I think I moved the 1 pt to CHA there for some skill or feat that I get dmg +1 based off of CHA, I have to look again at why I did it.  The Ability scores you have laid out are pretty much what I had originally, but kept getting told to get out of Chainmail, and use Hide and a higher Dex less Con..blah blah.

@Herschel I always have at least 1 Defender, and 1 Leader, and at least one other striker, its the other 2 that are usually hit or miss.  Other than not getting beat up on, is there a reason I should get out of Avalanche Strike?  Reason I say this is last session as a level 2, I did 84 dmg in a round (charge, Howling Strike (crit), follow up MBA (crit), action Point, Avalanche (unbelievably critted again) on a Gelatinous Cube.)  DM's mouth just dropped as her great creature when from barely hit to bloodied and barely alive.  Sorcerer and Ranger finished it off the following round on their turn allowing me to charge something else (Dire Rat I believe).

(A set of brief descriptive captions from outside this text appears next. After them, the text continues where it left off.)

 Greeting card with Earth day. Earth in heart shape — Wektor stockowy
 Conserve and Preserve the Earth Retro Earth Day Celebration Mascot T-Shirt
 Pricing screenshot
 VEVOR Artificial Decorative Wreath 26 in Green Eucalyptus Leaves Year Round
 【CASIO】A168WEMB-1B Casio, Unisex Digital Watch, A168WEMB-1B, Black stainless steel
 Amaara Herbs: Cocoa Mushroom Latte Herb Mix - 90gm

Oh as long as the gear is LFR and RPGA legal we can use it.   Minions are based on the modules, but yes lately have been alot...but we have a Sorcerer for those.


----------



## Thatwackyned (May 25, 2010)

I'ld drop Toughness and take Durable.


----------



## jbear (May 25, 2010)

draconisorion said:


> Yeah I copied it out of my thread over there, I wasnt getting alot of advice at the time and I wanted to get some more helpful suggestions or an alternative from those that were strictly looking at doing CharOP.
> 
> I think I moved the 1 pt to CHA there for some skill or feat that I get dmg +1 based off of CHA, I have to look again at why I did it.  The Ability scores you have laid out are pretty much what I had originally, but kept getting told to get out of Chainmail, and use Hide and a higher Dex less Con..blah blah.
> 
> ...



You kind of want to keep your minions there as a free THP source as they instantly trigger your rageblood feature. I know you want your sorceror to do his/her job but just let them know that they can leave a few so you can use them as Barbarian food when needed!!!


----------



## draconisorion (May 26, 2010)

jbear said:


> 18 STR 16 CON 14 DEX 8 INT 10 WIS 10 CHA.   Lvl 1 AC 16 isn't too terrible for a striker.

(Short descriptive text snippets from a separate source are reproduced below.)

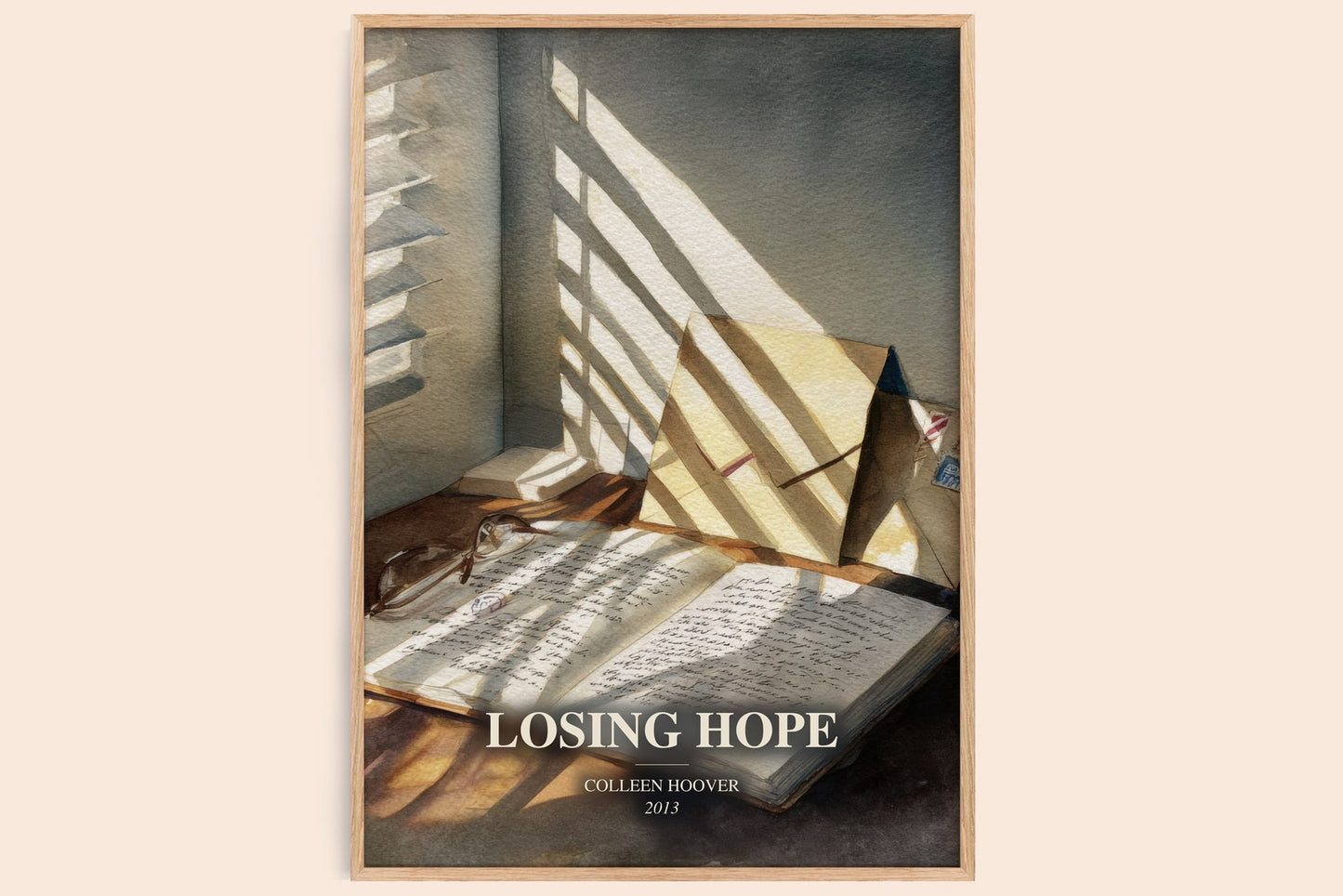 Losing Hope watercolour book poster by Colleen Hoover – framed literary art print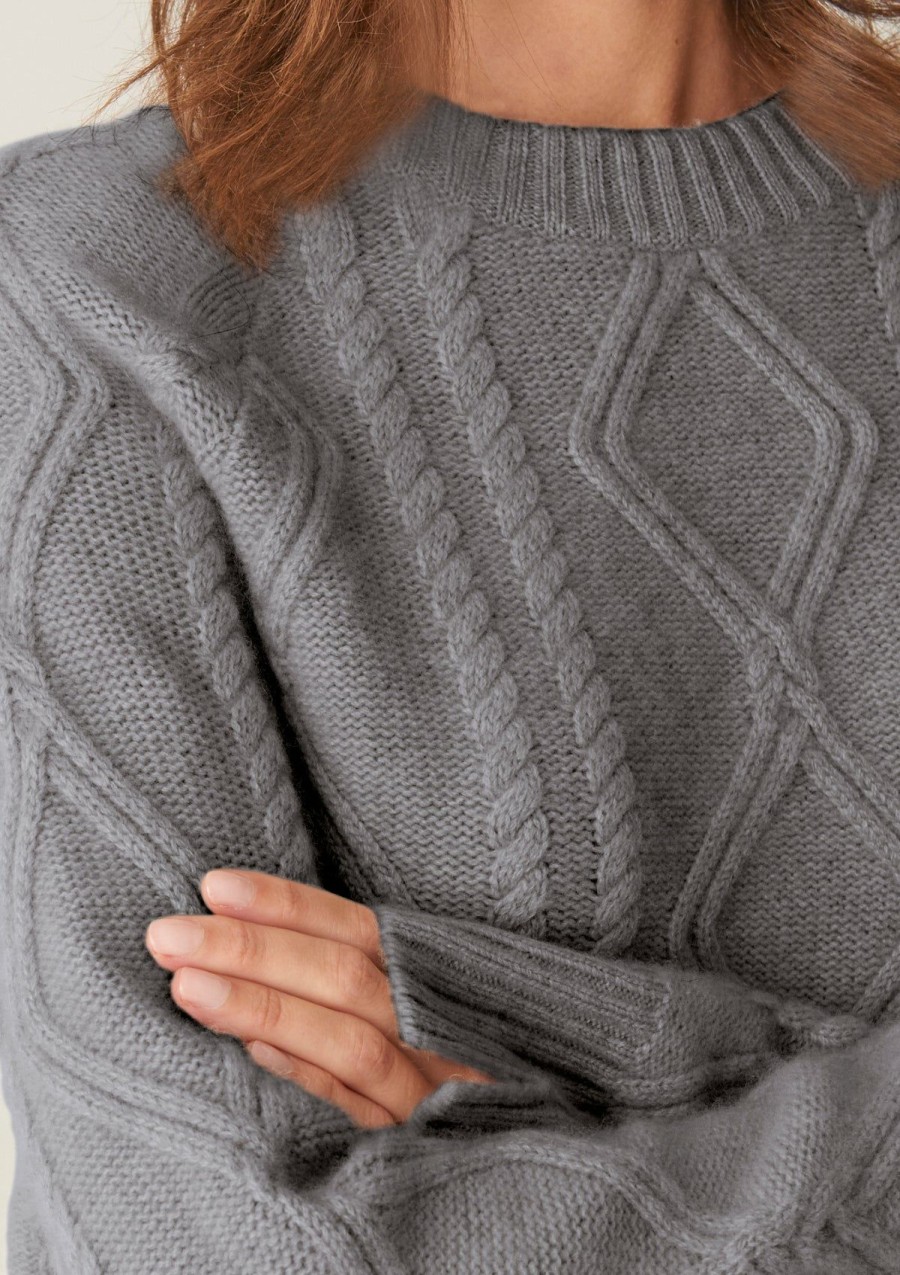 Women Loop Cashmere | Cashmere Cable Sweater In Pewter Grey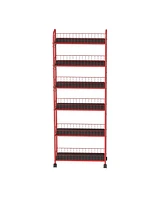 Red 6 Tier Slim Rolling Storage Cart, Mobile Shelving Unit with Wheels, Metal Wire Storage Shelving Rack with Baskets for Kitchen Bathroom Office Laun
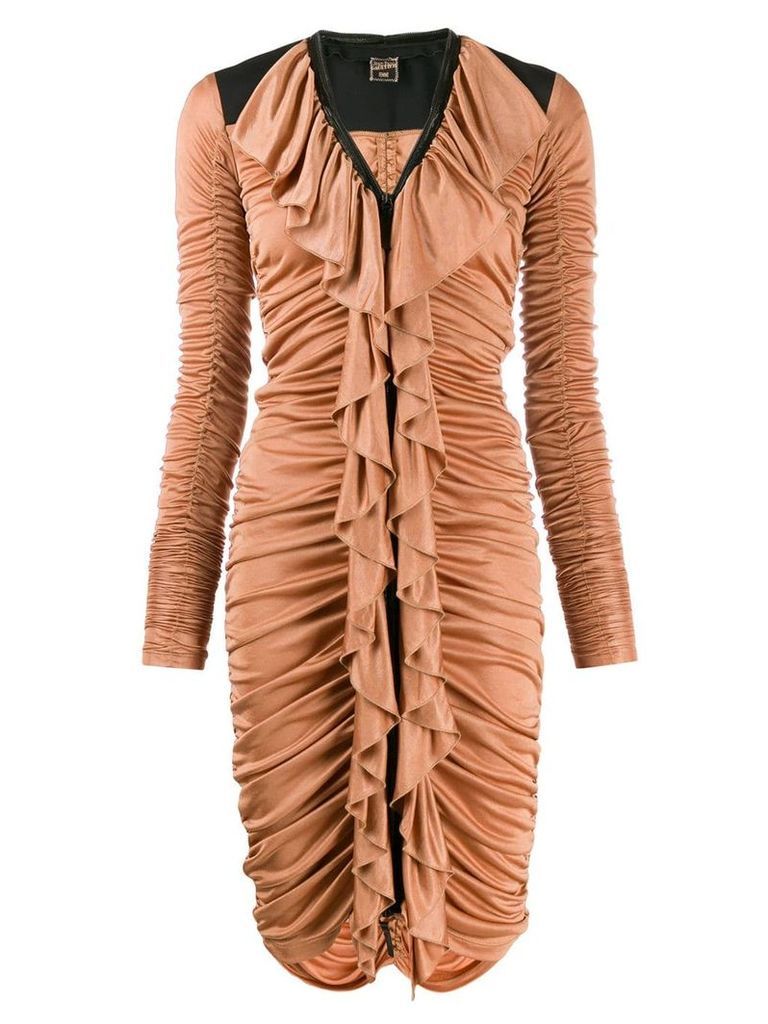 Jean Paul Gaultier Pre-Owned 1990's ruched dress - Brown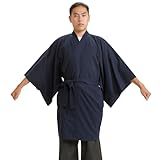 edoten ] Japanische Sashiko-Jacke, Cardigan Happi-Mantel, hergestellt in Japan, Blau, Larg
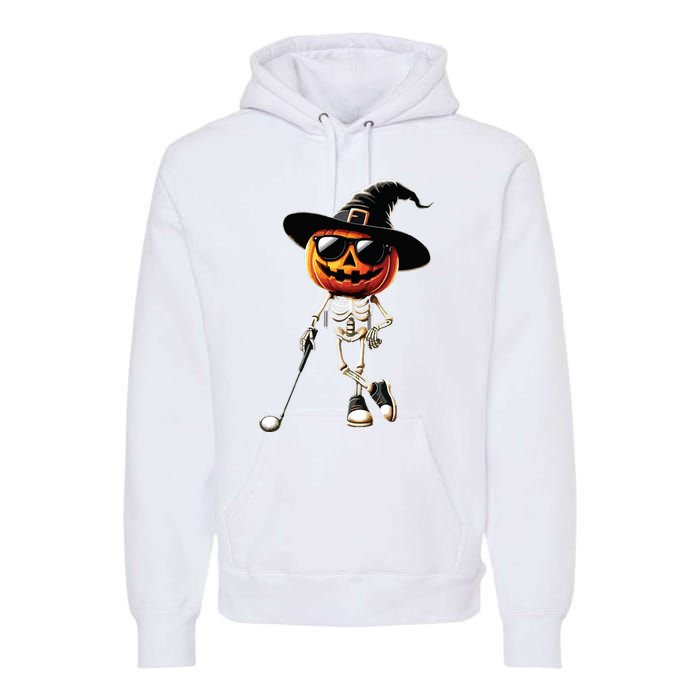 Skeleton Golf Pumpkin Golfing Golfer Halloween Costume Idea Premium Hoodie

 Can I ask how you got the above?   I get 17, 14, 14, 8, 10, 10 before the +2STR and +2 Con


----------



## Herschel (May 26, 2010)

draconisorion said:


> @Herschel I always have at least 1 Defender, and 1 Leader, and at least one other striker, its the other 2 that are usually hit or miss. Other than not getting beat up on, is there a reason I should get out of Avalanche Strike?

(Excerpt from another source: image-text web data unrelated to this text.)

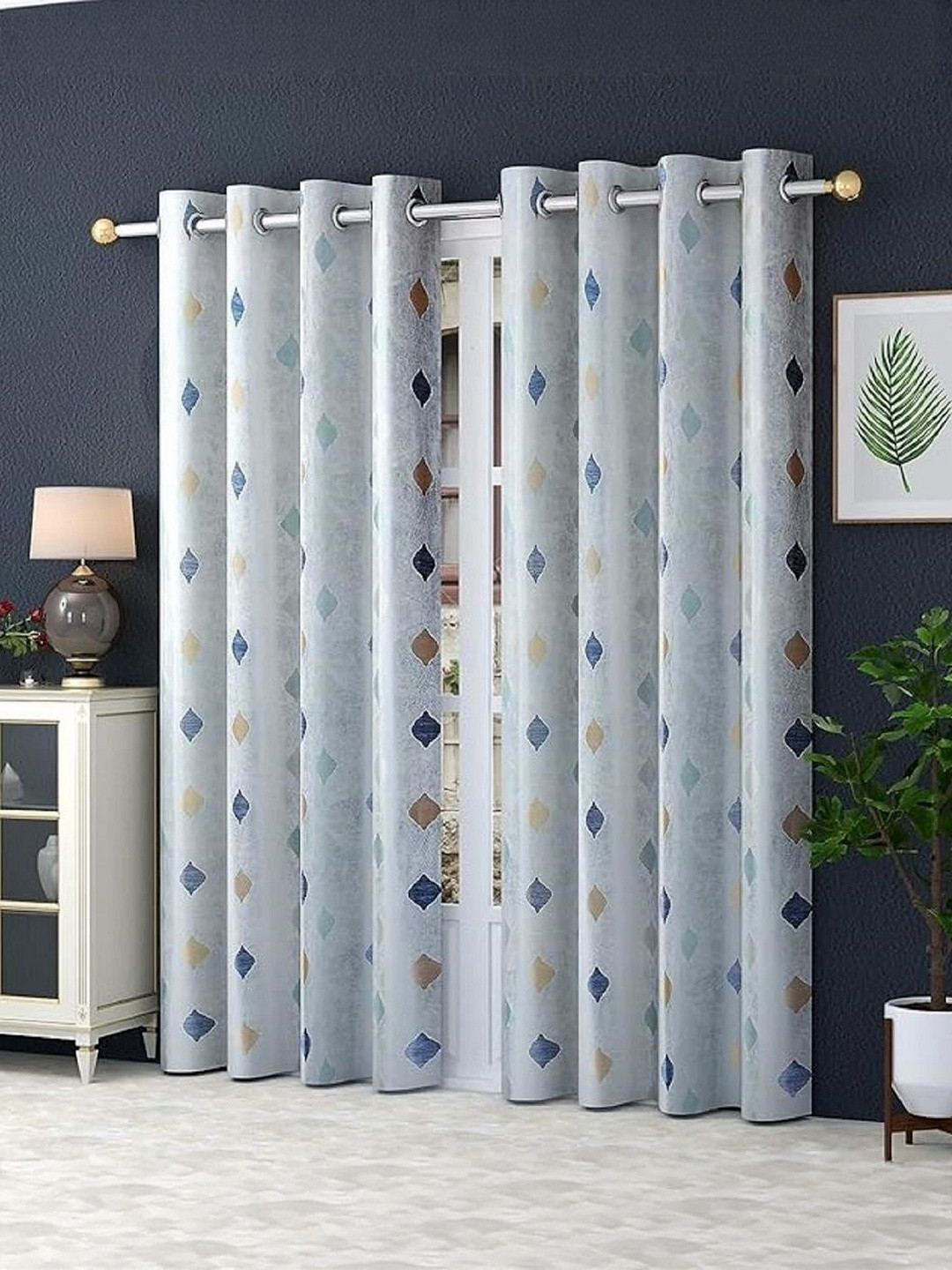 LUZDECOR Grey Geometric Printed Lightweight 2 Pieces Door Room Darkening Eyelet Curtains
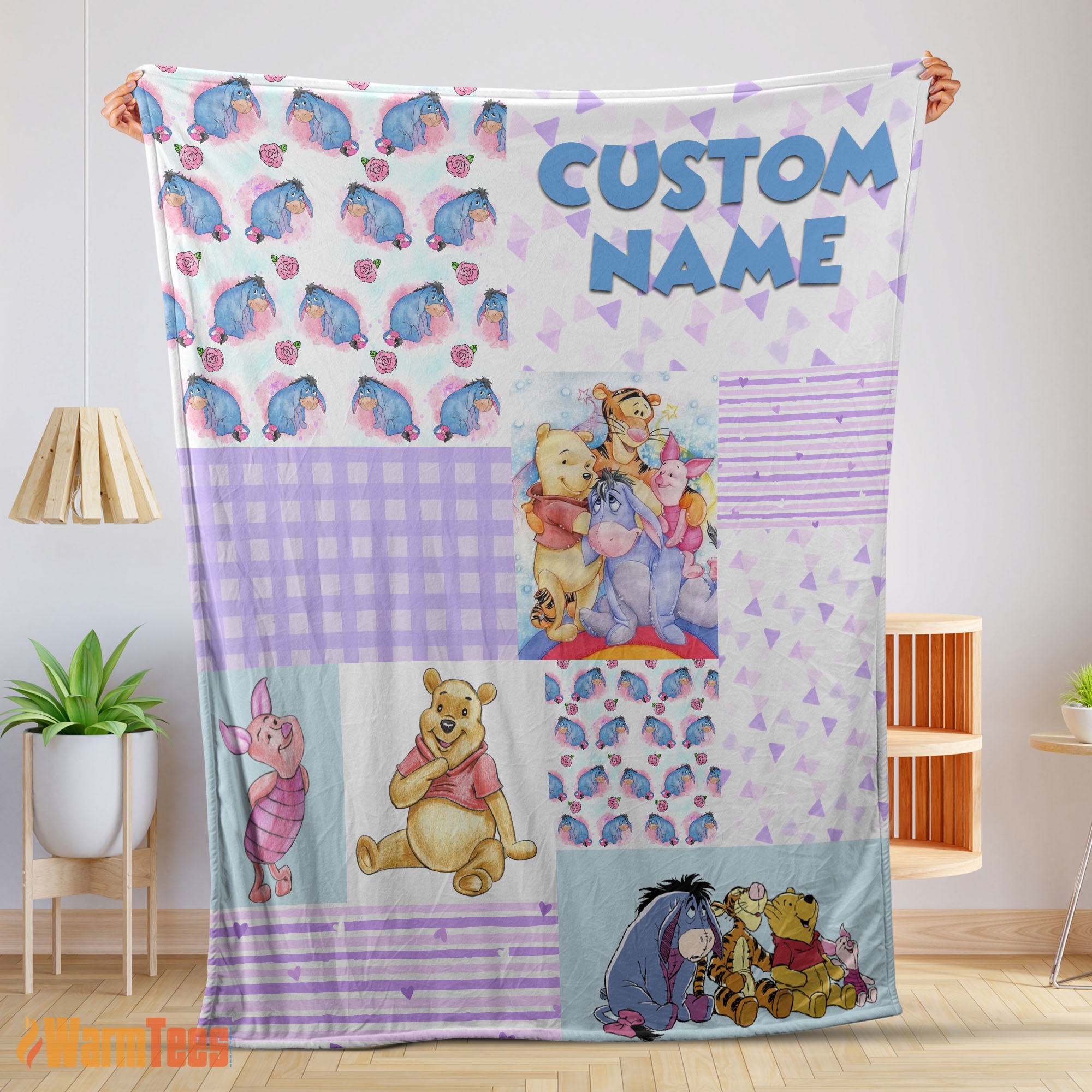 Happy Disney Winnie The Pooh Friends Collage Poster Blanket Fleece Customized Blanket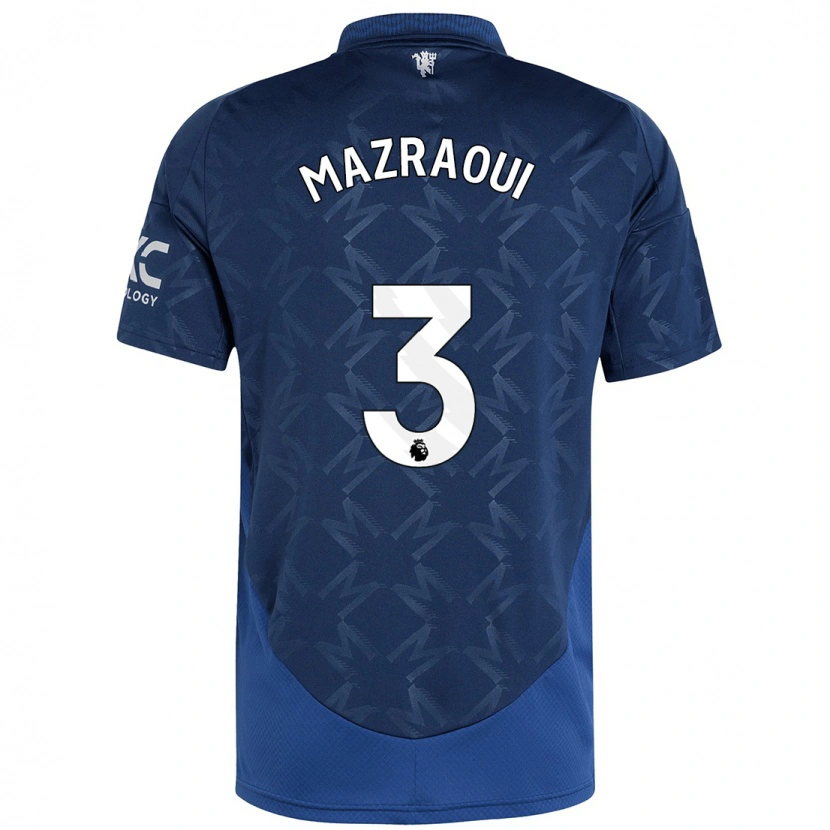 Danxen Bambino Maglia Noussair Mazraoui #3 Indaco Kit Gara Away 2024/25 Maglietta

Because you can't hit if you're dead. If you can be sure to have a good defender and leader around it's fine, but LFR in many places games and lineups can be.....interesting. I've been a defender with three Wizards and had a very interesting time, for example. And placing a big target on yourself if you don't have defender defenses can be tough. A Firesoul Genasi has a deterent encounter power for it and Curtain of Steel makes a lot of DMs think twice about taking advantage of the AC nerf, for example, and it becomes much "safer" to use with that kind of backing if the rest of your party can't stop/nerf their attacks.


----------



## draconisorion (May 26, 2010)

Thatwackyned said:


> I'ld drop Toughness and take Durable.




Thanks, but Durable wont work for me as well as Toughness does...Im thinking about dropping the Toughness to get more of the "Blood Rage" feats.


----------



## jbear (May 29, 2010)

draconisorion said:


> Can I ask how you got the above?   I get 17, 14, 14, 8, 10, 10 before the +2STR and +2 Con



Yeah, totally right. 3 points left to distribute, sorry my bad. Either Str 17 or even Wis 13: opens up Avenger Multiclass. 2 rounds of double d20 attacks every encounter. A good time to blow an action point. Double the possibility to hit and to crit! Something to keep in mind at least


----------